Showing Its Colors: The Apple Brand in the Midst of the 5C & 5S

iPhone 5s, iPhone 5c

iPhone 5s, iPhone 5c

It was only just recently that Apple execs held their press conference announcing the new iPhone 5C and 5S models, a preview of iOS7, and many other features and goodies coming to those that stand behind its products. In true fashion, Apple took a move out of their own playbook to ensure everyone in the room (and around the world) were well aware what they were seeing and hearing through reinforced branding imagery, speech, and presentation.

Since the first, Apple has slowly dominated much of the smartphone market, which has allowed the company to increase its revenue by billions. The rise of Android has placed a healthy competition between the platforms, providers, and manufacturers, leading Apple to release new versions of its flagship iPhone in rapid succession – each time bringing a fresh feature to the mix.

This time, however, people have been divided.

Tech websites like TheVerge, MacRumors, and GigaOm were ablaze in discussion with each new announcement about the new generation of iPhones. In particular, the 5C saw a mixed bag of opinions ranging from disappointment about its plastic case to those trumpeting the lower price that would allow it to have better market penetration. The 5S, too, had this kind of mixed review and feverish discussion, which has even lead to parody videos of the launch.

One thing, for sure, has been Apple’s ability to convey their strong brand through their iconic logo, keynote videos, iOS interface, and interaction with the community despite the fluctuation in opinions.

The Strength of a Brand

Apple, in normal fashion, has generally allowed the Web and tech community drive the discussions about the new releases which has been integral to building buzz around its products and brands for quite some time.

One rumor that was quickly squelched, however, was the issue that some had with the idea that the 5S’s new fingerprint scanner may store and share this private information. Apple immediately addressed news sources claiming that it does not and will not which is crucial for consumers and stockholders since it’s one of the main features the brand is standing behind when pushing the new phone. has an online marketing perspective on the use of news coverage in place of trying to play “catch up” through rebuttal advertising features:

“When it comes to any kind of commerce, there are always fires to put out — such as consumer complaints. Online marketing is a great way to provide thorough solutions for these problems, but many are led by the misperception that advertising through the Internet will get rid of any normal business problems.”

The Takeaway of the Unveil

If there is anything to be learned from this recent keynote, it’s the following:

1.  Rumors can do wonders for a brand because it builds a buzz well in advanced of the announcement and will continue to do so with each new piece of information released.

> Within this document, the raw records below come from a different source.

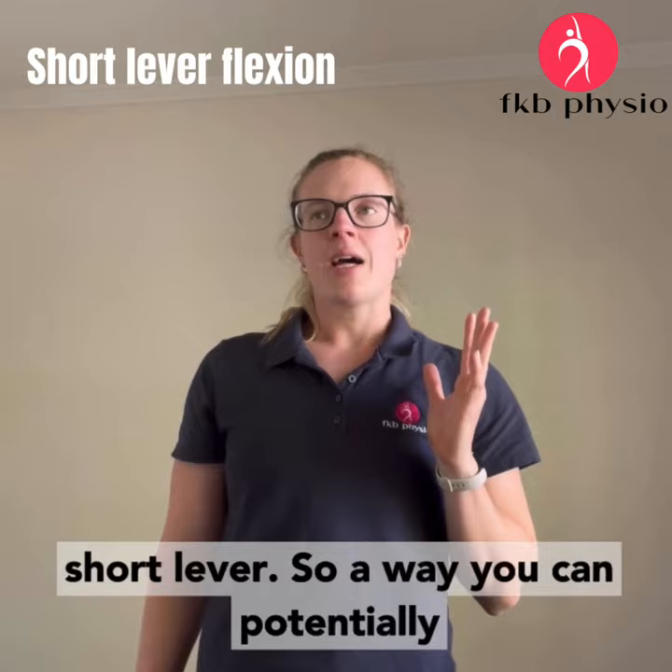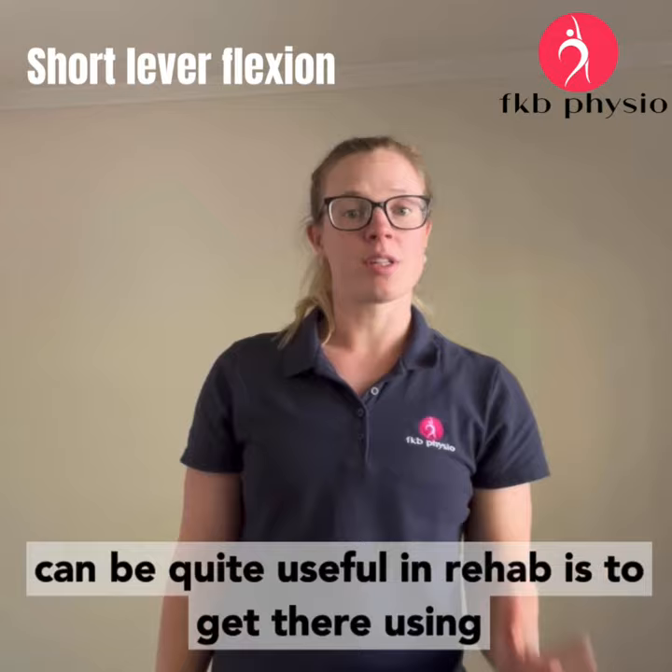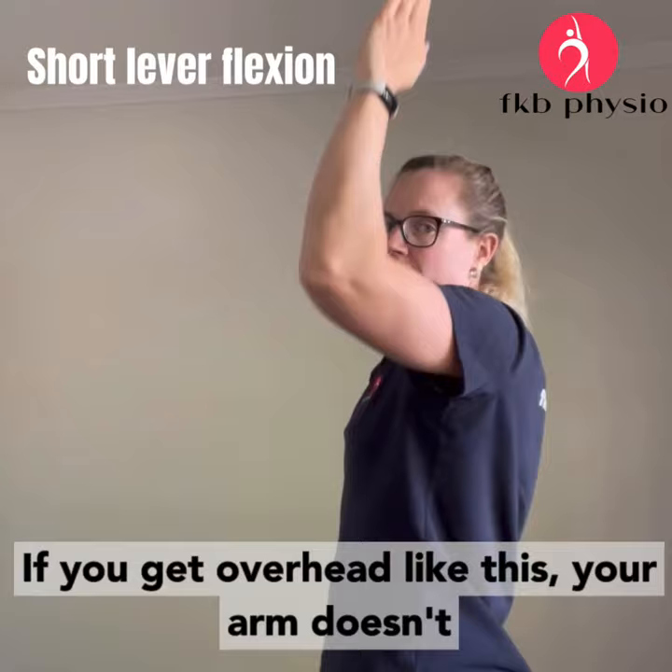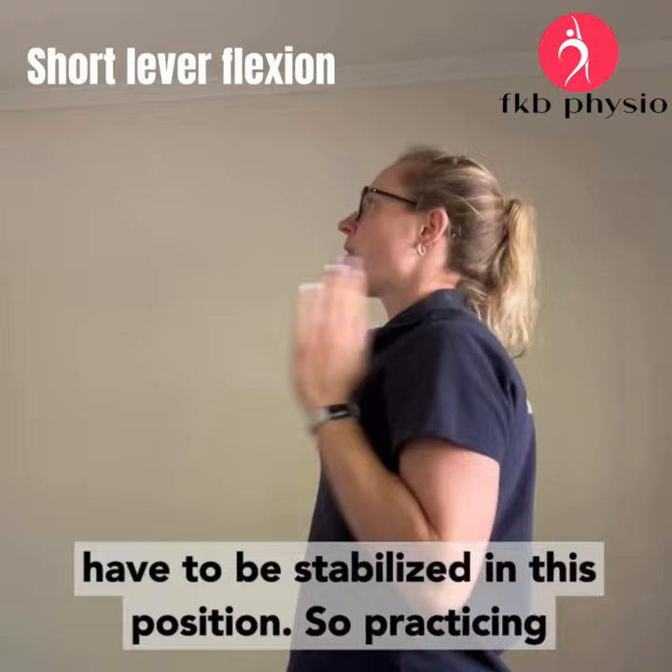A way you could potentially strengthen them above shoulder height, which can be quite useful in rehab, is to get there using a short lever. So they go short lever up to here, and then the lever is still short. In terms of gravity acting on your hand, if you get overhead like this, your arm doesn't have to be stabilised in this position. So practising short lever flexion as the first thing can be good.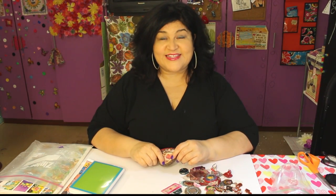Quick tips! Hi, Kathy Crafty Chica here with another quick tip.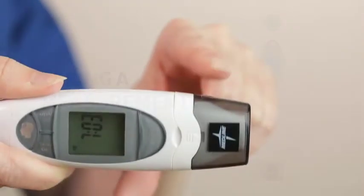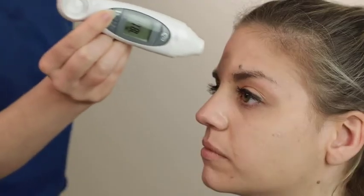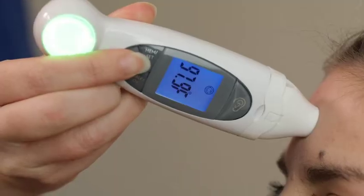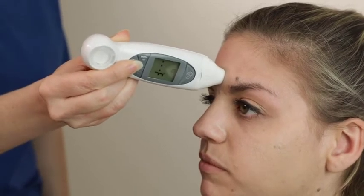To take a forehead temperature, first make sure that the probe and sensor are clean and then put on the forehead adapter. Touch the thermometer to the center of the forehead and press the forehead button, keeping the thermometer flat against the forehead. A beep or a voice announcing the temperature indicates that the measurement is complete.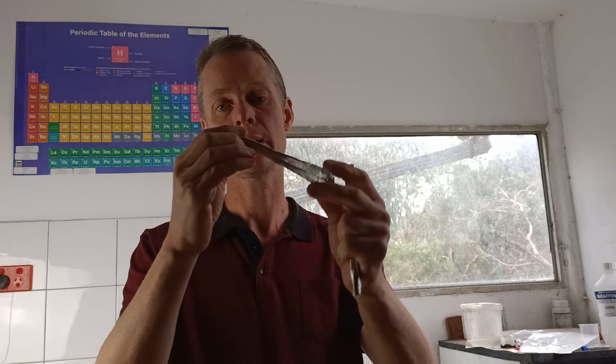Now it's not unique to tin — you also get it with zinc, cadmium, solid mercury — frozen mercury — and there are a few other metals as well. I think indium is one also.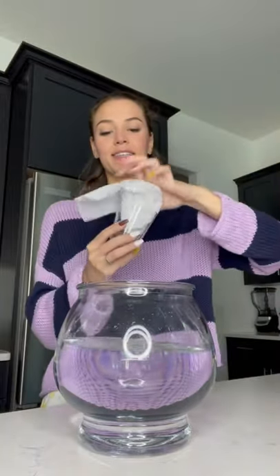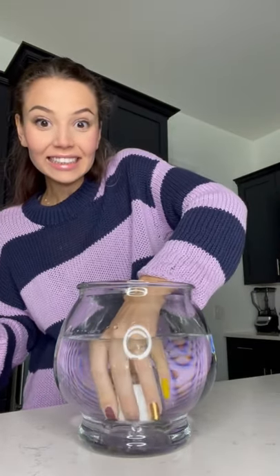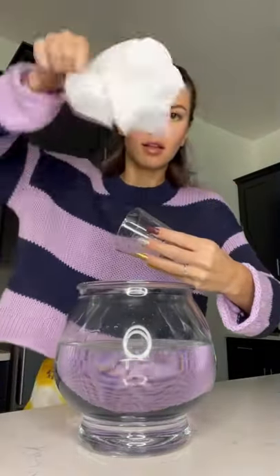Look at what I found out today. Apparently if you put dry tissues in an empty glass and put it in water upside down, the water doesn't go in. I gave it a try and now I'm taking it out — look, the tissue is completely dry. Does that actually work? Let's find out.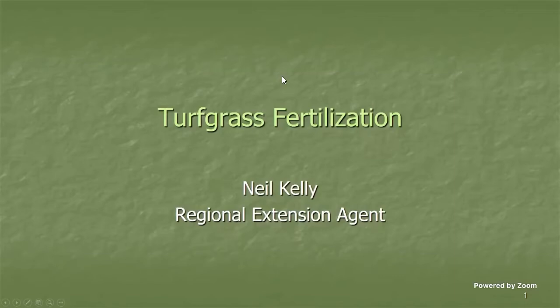My name is Neil Kelly. I'm a regional extension agent in the wiregrass area — that's the southeast corner of the state. I cover about 10 counties and work with all commercial horticultural crops: fruit, vegetable, tree crops, small berries, pecan, and turf grass. Today I'm going to quickly run through some basics of turf grass fertilization, then open it for questions.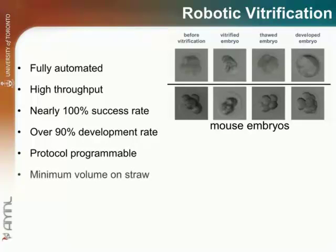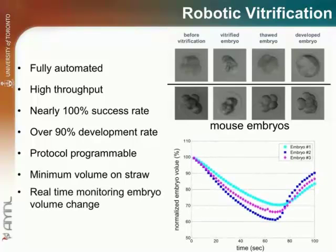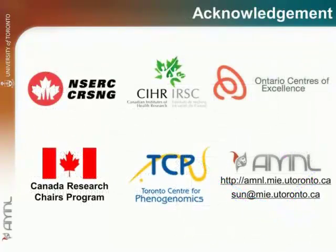A minimum volume of vitrification solution is left on the straw. Additionally, the system can monitor embryo volume change in vitrification solution in real time to realize individualized washing time to minimize toxicity. Human clinical trials are in process. A robotic vitrification technology may standardize embryo and oocyte vitrification with cost savings, higher consistency, and higher success rates.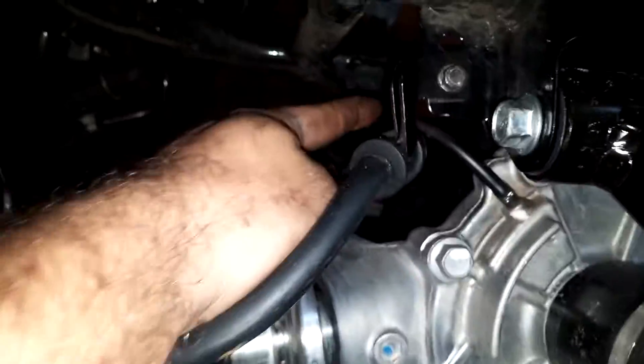Another thing people do all the time is forget the diff breather right here — see the diff line? People forget to put this back on the diff when they pull it off. The rear end swings off so easy, just three bolts, boom, done. You've got to remember two things: put this back on and put that breather back on. Otherwise you're screwed.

2.  Reinforcement of the brand through repetitive phrases and claims to innovation will echo to those that have been passionate about the brand even in the face of equal (or better) alternatives within the market.

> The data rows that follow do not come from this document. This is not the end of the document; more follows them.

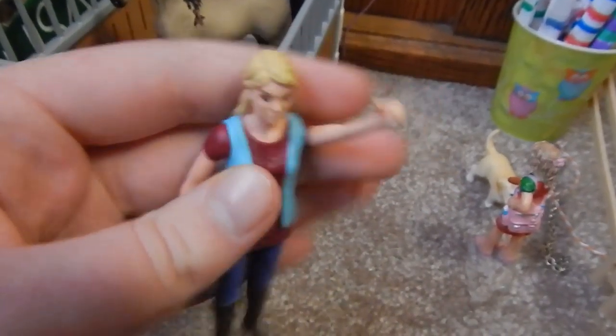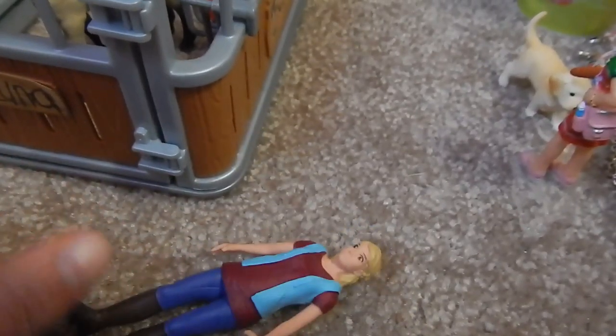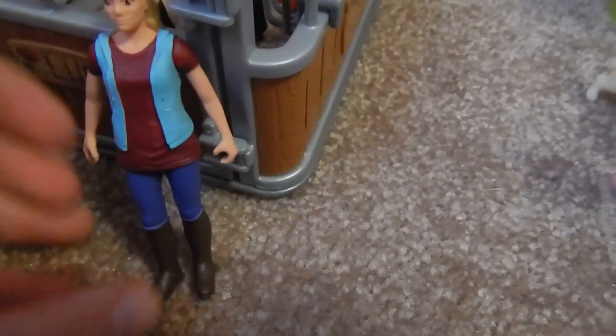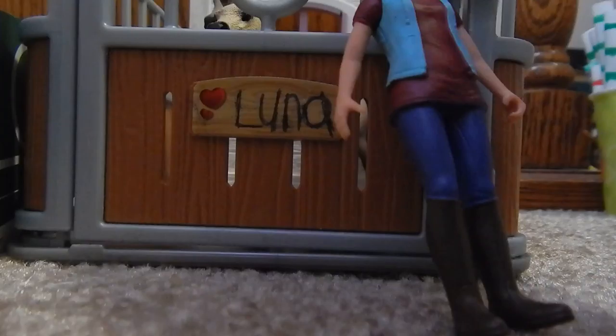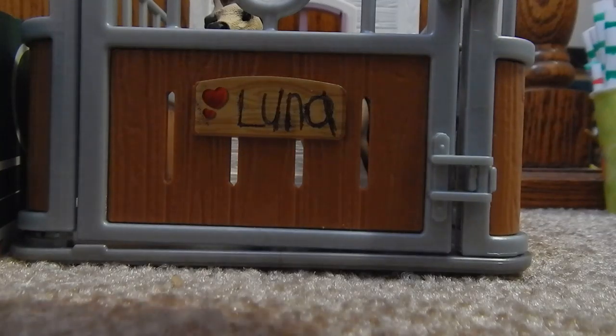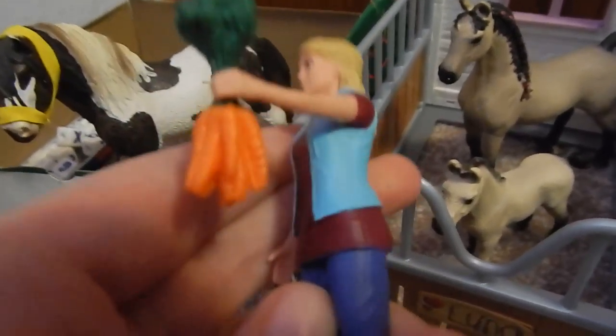I forgot to mention about her — both her arms move. This arm with the curled hand is harder to move. At first when I tried to move it I thought it didn't move, but I pushed a little harder a day or two after I got it and was like, oh, it does move. In her hand — in both hands — she can hold brushes. And in the curled hand, she can actually hold — ta-da — carrots! I thought that was super duper neat, that she can actually hold the carrots.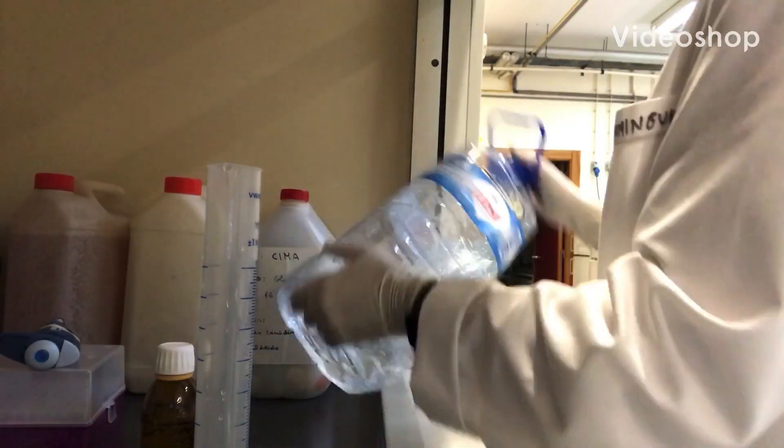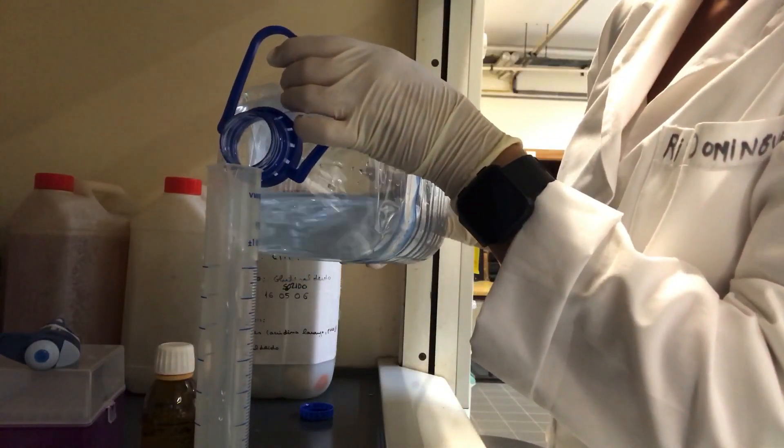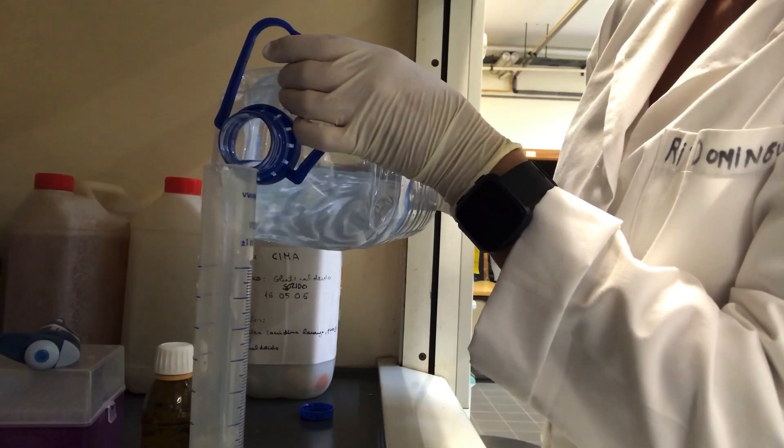To preserve a water sample for epifluorescence microscopy, measure 50 milliliters of sample and place it inside a dark glass flask.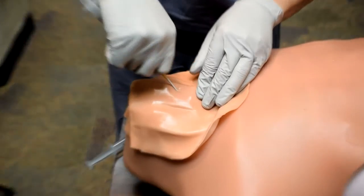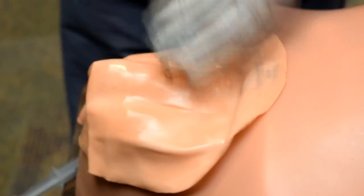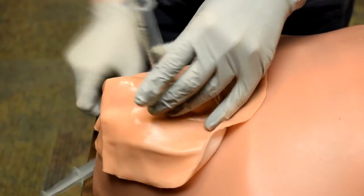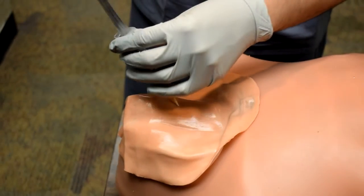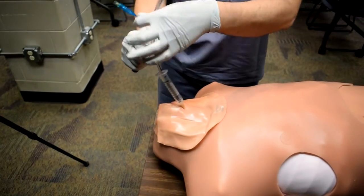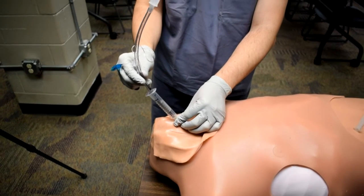Slide the angiocath forward. Take the plunger out of the syringe. Attach the syringe to the angiocath. ET tube into the syringe. Inflate the cuff. And then I can attach my endotracheal tube to a BVM.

3.  The use of logos, speech, and product visuals, within the same type of ad and presentation format will bring a familiar sense of joy and trust to the consumer – the consistency builds upon itself.

4.  Holding back from addressing the public about certain elements of the product can be very beneficial since it gives the consumers and tech evangelist the platform for discussion.

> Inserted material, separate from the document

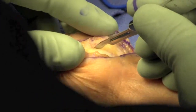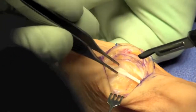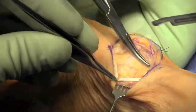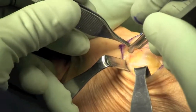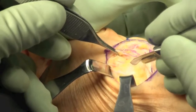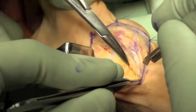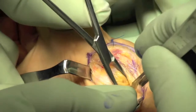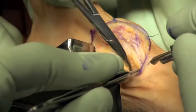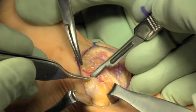Typically I prefer an H-flap. In this case we did a direct incision into the capsule overlying the trapezium. The deep branch of the radial artery was identified and kept out of harm's way with that proximal incision.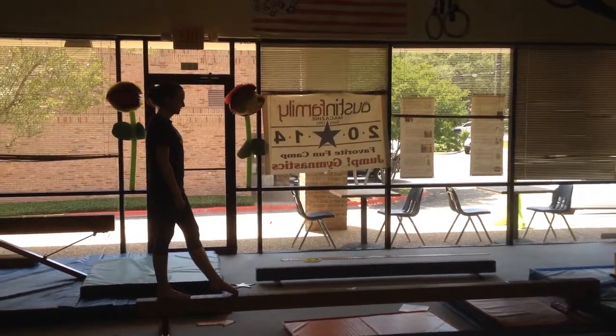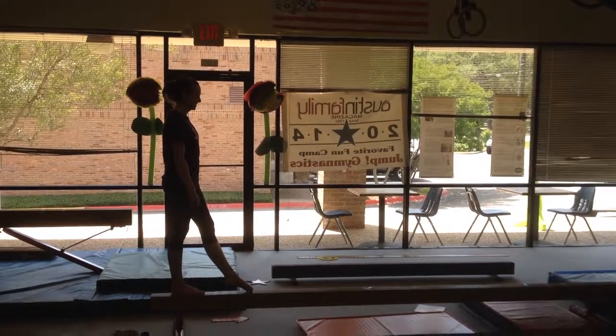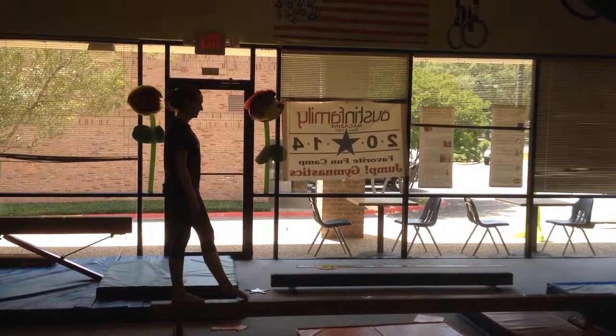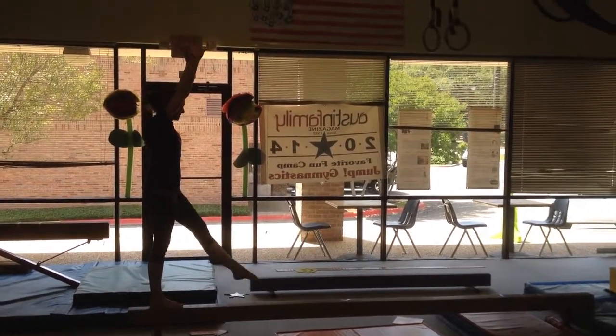What's up everyone? This is Ryan Metzl here. I am back at Jump Gymnastics at the south location off of Manchac, and we're going to be here with Nicole who's going to show us an awesome cartwheel on the beam. So here you go Nicole, let's see this.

5.  A departure from a typical status quo (in Apple’s case of being the “high end”), with the right branding, awareness, and recognition, will allow a brand to explore new territories and markets of the industry without “muddying” the brand.

All-in-all, companies like Apple have the ability to release new versions of their products on a near-yearly basis with great reception because they have recognition within the marketplace. All other businesses that want to replicate this effect can take a move out of the Apple playbook such as through that which has been described above.

Promise something big – do everything it takes to deliver – reinforce the brand – dominate the market.